PROBLEM TO SOLVE:
Reproduce word for word every line from the one containing "Detailed close-up of" through the end of the listing below; omit the pictures.

─── SUPPLIED INFORMATION ───

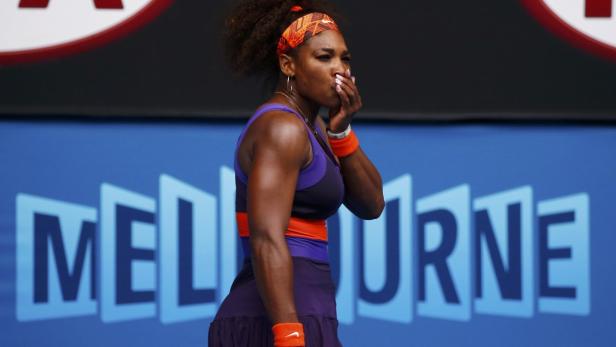 Serena Williams of the U.S. holds her mouth after hitting herself with her racket during her women&#039;s singles match against Garbine Muguruza of Spain at the Australian Open tennis tournament in Melbourne January 17, 2013. REUTERS/David Gray (AUSTRALIA - Tags: SPORT TENNIS)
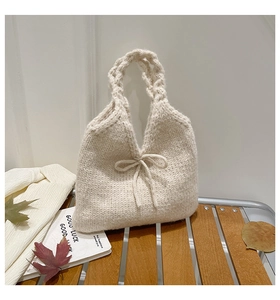 Detailed close-up of cream knit handbag featuring a bow accent and braided handle texture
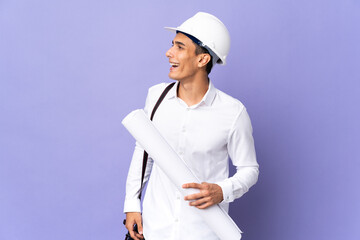 Young architect man isolated on background laughing in lateral position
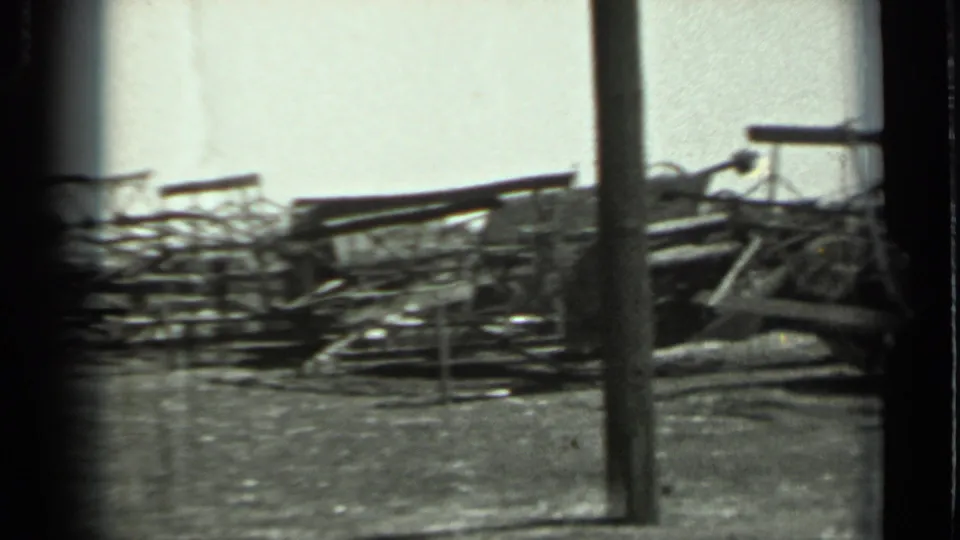 1963 Russia 8mm frame with stacked metal parts and a vertical pole crossing the foreground of the field view.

───

FINISHED TASK:
 Detailed close-up of cream knit handbag featuring a bow accent and braided handle texture
 Young architect man isolated on background laughing in lateral position
 1963 Russia 8mm frame with stacked metal parts and a vertical pole crossing the foreground of the field view.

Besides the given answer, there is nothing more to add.